##### COLLECTED MATERIAL

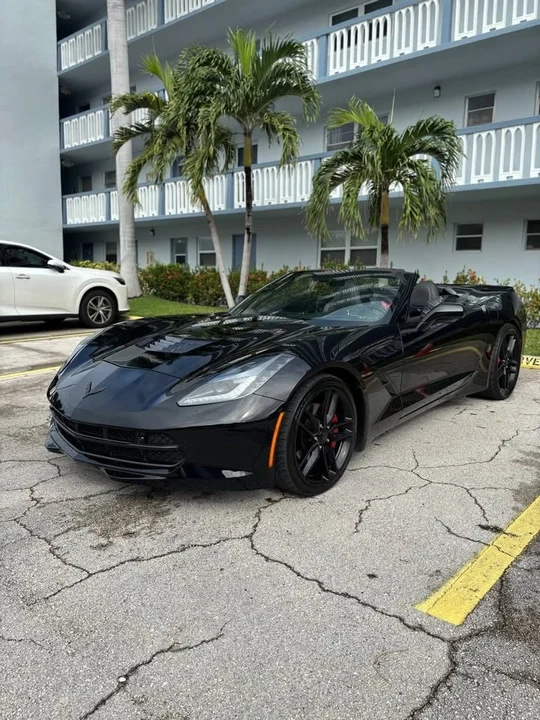 2016 Chevrolet Corvette C7 - Image 8 of 17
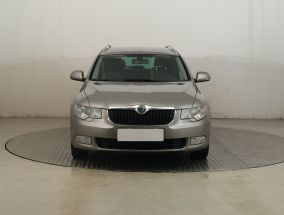 Skoda Superb - 2010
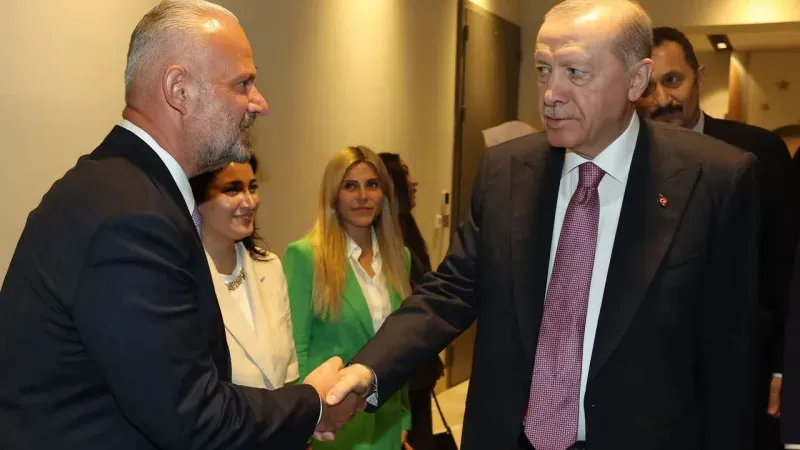 Başkan Pehlivan'dan Erdoğan'a Menemen raporu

##########

■ **ASSIGNMENT**
Print the material above verbatim except the pictures.

■ **ANSWER SECTION**
 2016 Chevrolet Corvette C7 - Image 8 of 17
 Skoda Superb - 2010
 Başkan Pehlivan'dan Erdoğan'a Menemen raporu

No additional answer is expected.